Le crédit collaborateurs : environ 11 100 à 11 500 € par mois, destinés exclusivement à rémunérer jusqu'à cinq assistants parlementaires. Le député en est l'employeur légal : il recrute, fixe les salaires dans le respect de plafonds, et les charges patronales sont prises en charge par l'Assemblée nationale.
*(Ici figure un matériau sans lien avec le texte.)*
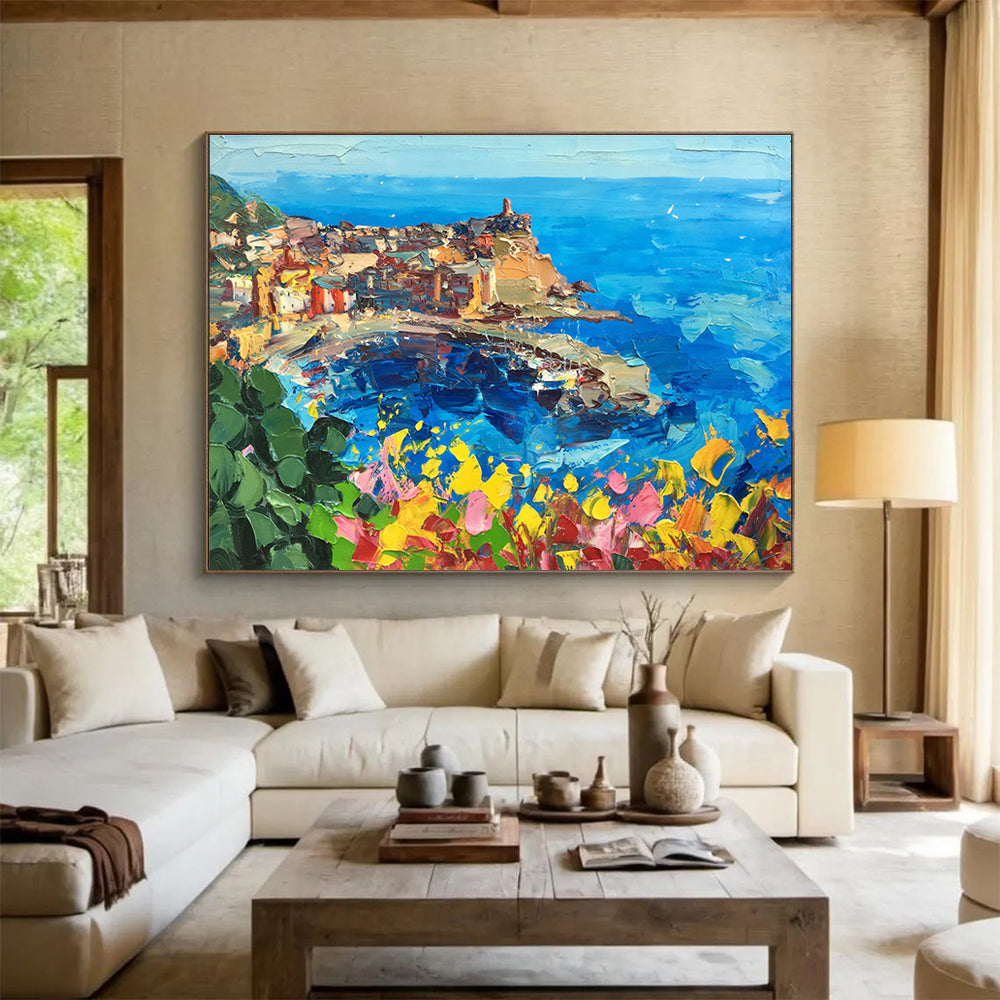 Blue Yellow Coastal Cliff Town Abstract Painting THY477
Cet argent ne transite jamais par le compte personnel du député : il finance des emplois, pas un train de vie.
Additionner ces deux enveloppes à l'indemnité personnelle pour parler d'un « salaire de 25 000 € par mois », comme on le voit parfois circuler, est donc trompeur : la quasi-totalité de cette somme part directement dans le fonctionnement du mandat et les salaires d'une équipe.
Les avantages en nature
Au-delà de l'argent, les députés bénéficient de prestations en nature qui allègent leurs frais réels :
- Billets SNCF en première classe, illimités entre Paris et la circonscription.
- Jusqu'à 80 vols aller-retour par an entre Paris et certaines circonscriptions éloignées.
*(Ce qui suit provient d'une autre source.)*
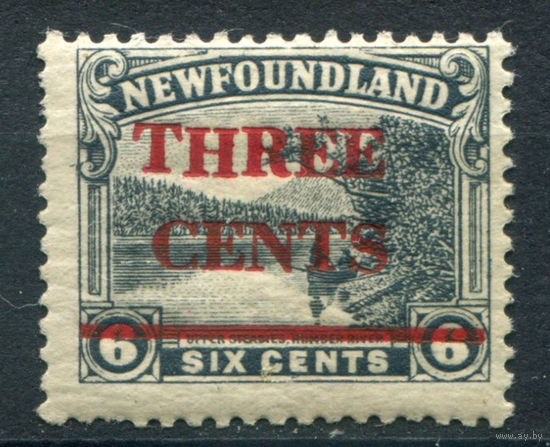 Британские колонии - Ньюфаундленд - 1929г. - побережье, надпечатка three cents - 1 марка - полная серия, MLH [Mi 144]. #3-WB-94-A-1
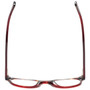 Top View of Eyebobs Phone It In Round Designer Reading Glasses Red Gold Marble Tortoise 49mm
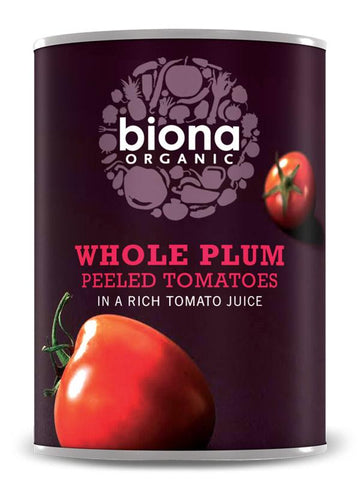 Biona Organic Whole Plum Peeled Tomatoes 800g (Pack of 6)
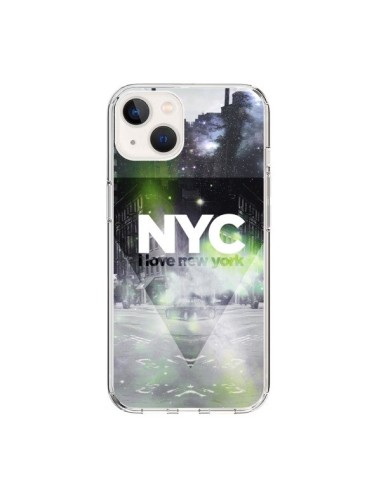 Coque iPhone 15 I Love New York City Vert - Javier Martinez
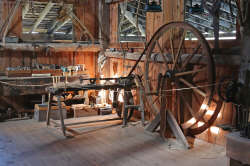 Great Wheel Wood Lathe - Barn - Log Village - Midwest Old Threshers Reunion 2023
- Passe Navigo pris en charge pour les élus franciliens.
- Hébergement à Paris : soit une chambre à la résidence de l'Assemblée nationale, soit un remboursement de loyer plafonné à environ 1 200 € par mois.
- Matériel informatique et téléphonique fourni.
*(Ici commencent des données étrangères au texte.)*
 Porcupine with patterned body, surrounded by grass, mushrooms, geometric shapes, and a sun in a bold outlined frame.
- Un bureau à l'Assemblée nationale.
Les fonctions qui rapportent davantage
Tous les députés ne touchent pas exactement la même chose. Certaines responsabilités donnent droit à des indemnités de fonction supplémentaires : le président de l'Assemblée nationale, les questeurs, les vice-présidents, les présidents de commission ou de groupe politique perçoivent un complément lié à leur charge. Mais ces suppléments concernent une minorité d'élus ; la grande majorité des 577 députés touche l'indemnité « classique » décrite plus haut, quel que soit leur parti : un député de La France insoumise, du Rassemblement national ou de n'importe quel autre groupe perçoit exactement la même somme de base.
Certains élus choisissent de reverser une partie de leur indemnité à des associations ou à leur parti, ce qui explique pourquoi on entend parfois dire qu'un député « se paie le SMIC » : il s'agit d'un choix personnel de redistribution, pas du montant réellement versé par l'Assemblée.
Le cumul avec une autre activité
Un député peut continuer à exercer certaines activités professionnelles en parallèle de son mandat (enseignement, profession libérale, par exemple), mais ce cumul est strictement encadré. Les rémunérations annexes sont plafonnées et doivent être déclarées à la Haute Autorité pour la transparence de la vie publique (HATVP). Depuis 2017, le cumul avec une fonction exécutive locale (maire, président de conseil départemental ou régional) est en revanche interdit.
Retraite et fin de mandat
Les députés cotisent à un régime de retraite parlementaire spécifique, distinct du régime général. Le montant de la pension dépend de la durée du mandat et des cotisations versées au fil des années : il n'existe pas de « retraite à vie » automatique dès la fin d'un premier mandat, contrairement à une idée reçue répandue.
En cas de non-réélection, un député peut bénéficier d'une allocation de retour à l'emploi, financée par un fonds spécifique de l'Assemblée nationale, dégressive dans le temps, pour faciliter la transition vers une nouvelle activité professionnelle.